Quote:
Originally Posted by smithcommajohn
Saying AMEC's results are unlucky but normal seems a bit understated. I think running worse than roughly 95% of all players is running HORRIBLY, not simply unlucky. I mean, at what point can we call his sample abnormal? The point is, we never can. For all his hands, the results are just one blip on a larger curve where we can simply say, "someone has to run that bad". So even if he was -5 SD, he's still normal, just more unlucky.
I think the point AMEC should be taking from this is, he was absolutely justified in thinking he was running like crap, because he was. His one sample (even if it had 10 billion hands) can never prove anything except for how lucky or unlucky he was.
Am I right or wrong here, spadebidder?
I don't agree that this is very noteworthy at all. Your example of -5SD would be extremely abnormal, and would mean that only 1 person in 3.3 million (with this sample size) ran worse. There aren't 3.3 million players who have over 370K hands played on Stars, and it would be a freak thing worthy of scrutiny.
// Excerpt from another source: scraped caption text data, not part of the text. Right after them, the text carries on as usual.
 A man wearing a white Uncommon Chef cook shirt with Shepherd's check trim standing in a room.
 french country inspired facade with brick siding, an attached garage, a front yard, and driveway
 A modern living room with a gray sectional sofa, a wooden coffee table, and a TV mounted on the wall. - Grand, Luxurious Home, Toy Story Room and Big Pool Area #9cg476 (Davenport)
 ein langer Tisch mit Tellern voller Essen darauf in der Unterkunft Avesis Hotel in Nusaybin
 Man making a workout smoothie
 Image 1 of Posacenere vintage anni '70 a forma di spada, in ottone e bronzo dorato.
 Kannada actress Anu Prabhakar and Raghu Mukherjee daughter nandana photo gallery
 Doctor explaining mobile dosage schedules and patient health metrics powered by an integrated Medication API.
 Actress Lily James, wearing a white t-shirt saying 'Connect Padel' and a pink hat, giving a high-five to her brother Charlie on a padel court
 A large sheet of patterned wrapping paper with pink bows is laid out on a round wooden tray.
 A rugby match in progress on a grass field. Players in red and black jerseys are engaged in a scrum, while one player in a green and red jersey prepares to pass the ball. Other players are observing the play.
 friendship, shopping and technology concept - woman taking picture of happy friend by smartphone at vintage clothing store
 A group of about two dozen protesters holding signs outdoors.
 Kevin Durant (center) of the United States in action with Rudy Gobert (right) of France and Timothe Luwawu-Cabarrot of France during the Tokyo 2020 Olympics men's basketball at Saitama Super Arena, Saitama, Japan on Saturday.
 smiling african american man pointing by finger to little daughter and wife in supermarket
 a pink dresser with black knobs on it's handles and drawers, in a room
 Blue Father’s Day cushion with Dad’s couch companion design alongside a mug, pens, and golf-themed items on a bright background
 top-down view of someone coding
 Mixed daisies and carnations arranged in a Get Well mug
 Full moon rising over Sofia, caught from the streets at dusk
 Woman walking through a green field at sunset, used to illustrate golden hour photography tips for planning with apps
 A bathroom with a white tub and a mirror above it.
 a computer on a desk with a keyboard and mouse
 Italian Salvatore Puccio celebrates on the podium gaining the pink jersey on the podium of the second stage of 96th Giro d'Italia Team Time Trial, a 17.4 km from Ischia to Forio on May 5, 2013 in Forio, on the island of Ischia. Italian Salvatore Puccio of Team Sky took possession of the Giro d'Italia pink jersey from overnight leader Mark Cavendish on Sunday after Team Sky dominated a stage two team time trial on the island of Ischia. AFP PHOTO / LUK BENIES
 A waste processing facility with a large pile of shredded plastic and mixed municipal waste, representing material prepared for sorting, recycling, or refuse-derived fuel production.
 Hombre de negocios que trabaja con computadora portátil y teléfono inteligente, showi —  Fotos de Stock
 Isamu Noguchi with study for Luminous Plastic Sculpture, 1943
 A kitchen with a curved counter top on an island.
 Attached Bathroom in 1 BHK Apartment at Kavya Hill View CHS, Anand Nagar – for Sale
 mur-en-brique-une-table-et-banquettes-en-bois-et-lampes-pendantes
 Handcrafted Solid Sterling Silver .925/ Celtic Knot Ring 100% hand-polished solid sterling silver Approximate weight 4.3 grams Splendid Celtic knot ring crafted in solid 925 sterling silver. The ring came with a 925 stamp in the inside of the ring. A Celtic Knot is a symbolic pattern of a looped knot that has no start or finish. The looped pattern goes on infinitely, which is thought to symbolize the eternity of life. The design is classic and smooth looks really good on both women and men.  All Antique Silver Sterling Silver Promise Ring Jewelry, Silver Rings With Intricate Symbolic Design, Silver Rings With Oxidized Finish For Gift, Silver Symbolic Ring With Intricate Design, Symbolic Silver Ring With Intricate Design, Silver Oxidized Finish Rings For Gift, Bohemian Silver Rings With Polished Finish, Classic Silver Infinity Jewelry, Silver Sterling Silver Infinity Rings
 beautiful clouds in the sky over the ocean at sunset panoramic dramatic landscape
But at 1 in 18, there are many regular players with the same minor bad luck.
A normal curve doesn't have to be unconstrained for the tails to go out forever, they don't. There are only so many poker players.
I might be one of those bottom 5.5 percenters in all-in luck, and I'd never know because this level of offset isn't noticeable. You wouldn't know either unless you check. You are saying that over the course of 371,000 hands, over 3 years and 2000 hours of play, that you would know if you lost an extra 77 all-in hands more than expectation. That's 2 extra lost hands a month. No, that would not be perceived. By any human.
The bottom line is that this had very little effect on his actual winrate. He has been over and under all-in expectation over the course of this hand history, and it just looks like noise against the win line. His perception was not justified or accurate. I won't post his other information here without permission, but it shows this clearly.
Edit: on your note about not proving anything with even 10 billion hands. Checking someone's all-in luck is only a small part of checking the randomness of the deal. That wasn't the objective here. Incidentally I also looked at his hole card distributions and flop distributions, and they were all normal. And there are many other things you can check.
Last edited by spadebidder; 03-12-2010 at 01:24 AM.